Quant à l’appellation « préfets sanitaires », elle est inappropriée. Pour autant, je revendique pleinement le rôle de régulateur de l’Etat, dans le domaine de la santé. Les préfets de région seront d’ailleurs les présidents des conseils de surveillance de ces agences. Les ARS devront répondre aux besoins concrets des gens : comment trouver un médecin dans des zones désertifiées, le week-end ou après 23 heures le soir, chaque jour ; comment décloisonner la ville et l’hôpital, l’hôpital et le médico-social ?
Les ARS n’ont pas de pouvoir de contrainte sur la médecine libérale, notamment pour lutter contre les déserts médicaux. Pourraient-elles l’avoir un jour ?

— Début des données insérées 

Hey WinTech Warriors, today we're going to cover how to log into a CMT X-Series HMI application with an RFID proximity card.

Je ne préjuge pas de ce qui pourrait être fait par une autre majorité. Le PS a dit qu’il souhaitait des mesures coercitives sur l’organisation de la médecine libérale. Dont acte. Pour ma part, j’ai affirmé que, dans le cadre de la meilleure répartition des professionnels de santé sur le territoire, je privilégiais l’approche qui respecte la liberté d’installation des médecins. Pour autant, les ARS ne seront pas dépourvues de moyens incitatifs, pour mieux répartir la présence médicale. Elles le feront en concertation avec les professionnels de santé, les élus locaux, les associations de patients et d’usagers.
Le gouvernement affirme qu’il n’a pas fait le choix de la rigueur, mais dans le projet de loi de financement de la sécurité sociale vous augmentez le forfait hospitalier et dé-remboursez certains médicaments.

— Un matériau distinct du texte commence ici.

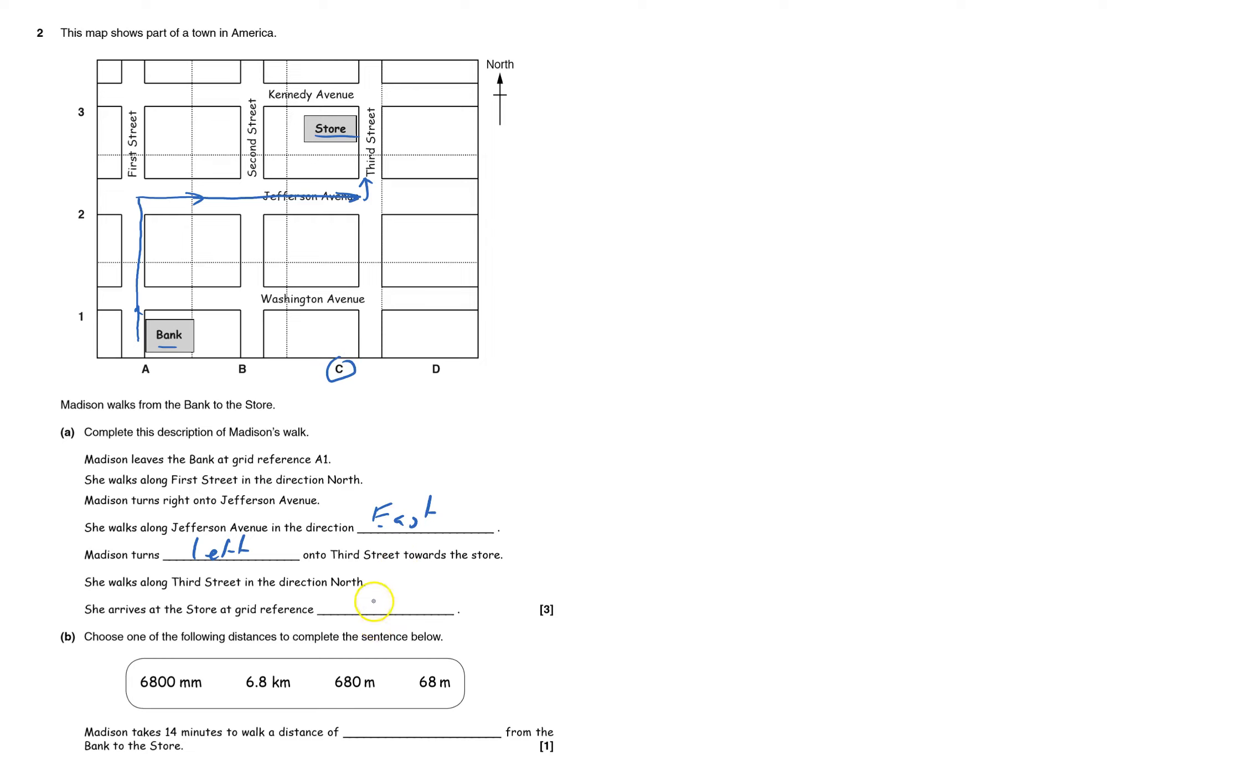That'll be C and how far up. C3. I'm going to choose one of the following distances.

Il n’y a pas de tournant de la rigueur lorsqu’on envisage une croissance de près de 3 % des dépenses ! C’est près de 5 milliards d’euros de plus que nous aurons dépensés pour notre santé en 2009. Cette année, comme les précédentes, nous demanderons des efforts à tous : professionnels de santé, structures et hôpitaux, patients. Le forfait journalier n’avait pas été ajusté depuis plusieurs années, et cela fait plusieurs années que nous remboursons de façon différenciée les médicaments en fonction de leur service médical. Il n’y a pas non plus de forte ponction du pouvoir d’achat des Français.

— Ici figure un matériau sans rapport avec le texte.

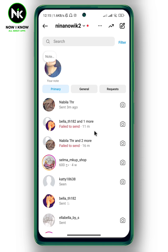And like that, the group chat will be removed from your chat list. This is how to delete the Instagram group chat. Thanks for watching — see ya!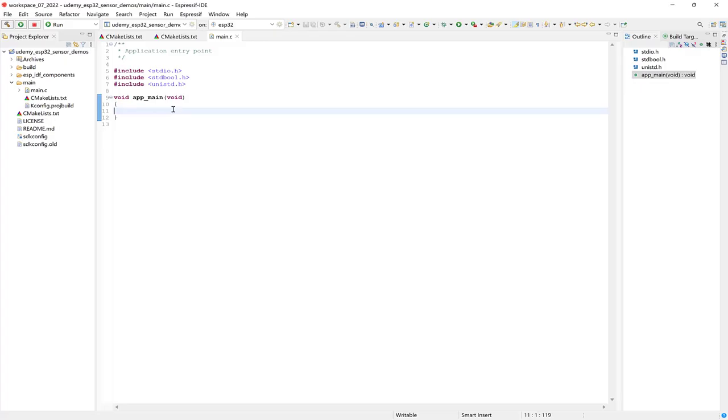Okay, so here I have a blank Espressif IDE project, and we'll start off by cloning the ESPIDF sensor and components library into the project folder right here.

Le premier président de la Cour des comptes, Philippe Séguin, juge pourtant une augmentation de la contribution sociale généralisée (CSG) inéluctable…
M. Seguin s’inscrit dans une perspective de long terme, en affirmant qu’il faudra à l’avenir consacrer une partie plus importante de notre richesse nationale aux dépenses de santé. Il faut surtout voir comment le système de santé évolue : le vieillissement de la population est évidemment source de coûts. A l’inverse, le progrès technologique peut engendrer des économies sans dégrader la qualité des soins : on peut opérer maintenant en six heures une tumeur qui nécessitait auparavant six mois d’hospitalisation. Si on se place dans le modèle actuel de la santé, il faudrait peut-être relever les prélèvements obligatoires. Mais on peut imaginer un modèle différent, plus efficient qu’aujourd’hui. Sur cette question, il faut trouver un consensus appuyé avec les Français.